La Cour des comptes l'a relevé dans un rapport de 2019, le funéraire voit des tarifs qui explosent depuis 40 ans. Le marché est sous la prise de deux grands groupes internationaux. Les familles sont endeuillées, psychologiquement affectées, elles se tournent vers des opérateurs funéraires sans avoir le temps de comparer les prix. D'autant que dans sa culpabilité, on ne veut pas faire un enterrement au rabais pour ses proches donc on signe le chèque et en général avec un montant très élevé.

L'objectif est de proposer des pompes funèbres accessibles avec des tarifs environ 5 % sous le marché mais aussi et surtout avec des conseillers funéraires et pas de commerciaux.
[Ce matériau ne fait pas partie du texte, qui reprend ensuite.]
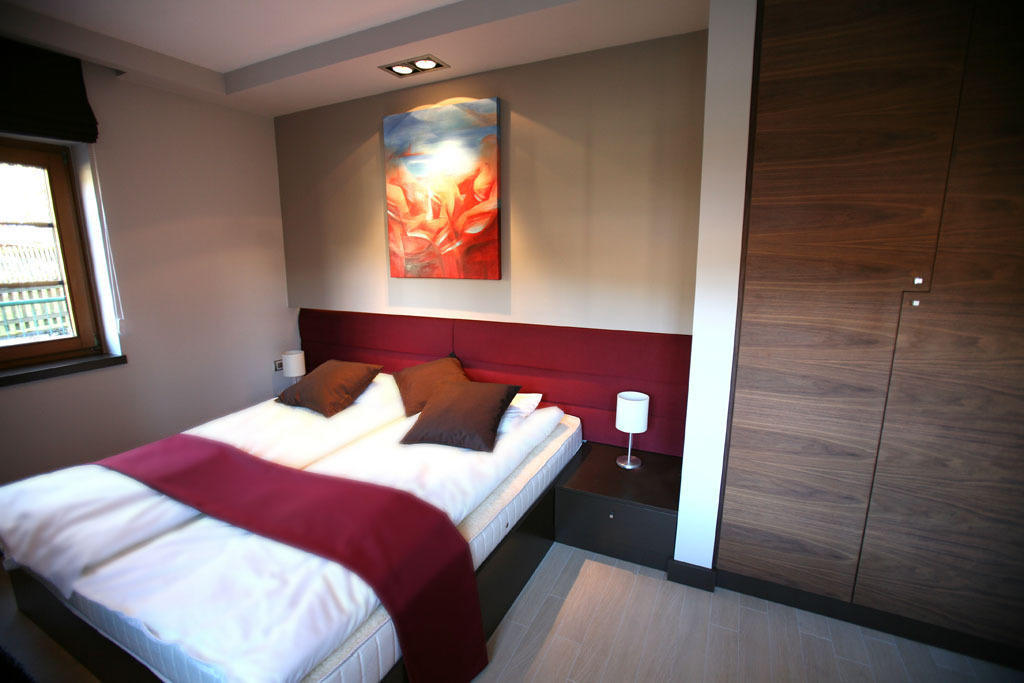 Appartements Planai By Schladmingurlaub Exteriér fotografie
On va essayer de répondre aux besoins sans ajouter des prestations dont les familles n'ont pas besoin.

Toujours dans cette politique funéraire sociale, vous vous engagez à aménager des carrés confessionnels supplémentaires. Il y a un manque de place dans ces parcelles ?

Le cimetière doit être universaliste, laïque et non-discriminant à l'entrée. On doit pouvoir accueillir les croyants et non-croyants sans exclusion et aujourd'hui faute d'anticipation, on a potentiellement des personnes dont on pourrait se retrouver à refuser l'entrée, je pense notamment aux concitoyens musulmans. Si on ne prévoit pas 200 à 300 places supplémentaires, on pourrait devenir excluant.

Le funéraire, enjeu grandissant dans un contexte de vieillissement de la population
Selon une étude de l'Institut national d'études démographiques (Ined) parue en 2016, le nombre de décès annuels en France devrait s'élever à 770 000 par an en 2060 contre 594 000 en 2016. Cette hausse est notamment liée, selon l'Ined, à la mort de la génération du baby-boom. C'est avec ce constat en tête que la Ville de Lyon investit trois millions d'euros dans la construction d'un nouvel ossuaire qui doit permettre de tenir une cinquantaine d'années. Par ailleurs quatre millions d'euros sont dédiés à la reprise des concessions funéraires arrivées à échéance, afin de libérer de la place pour de nouveaux cercueils. Dans "un contexte foncier contraint", la municipalité a "fortement augmenté" les tarifs des concessions perpétuelles et de 50 ans pour "avoir une incitation à des concessions plus courtes parce que les cimetières sont pleins", explique Laurent Bosetti.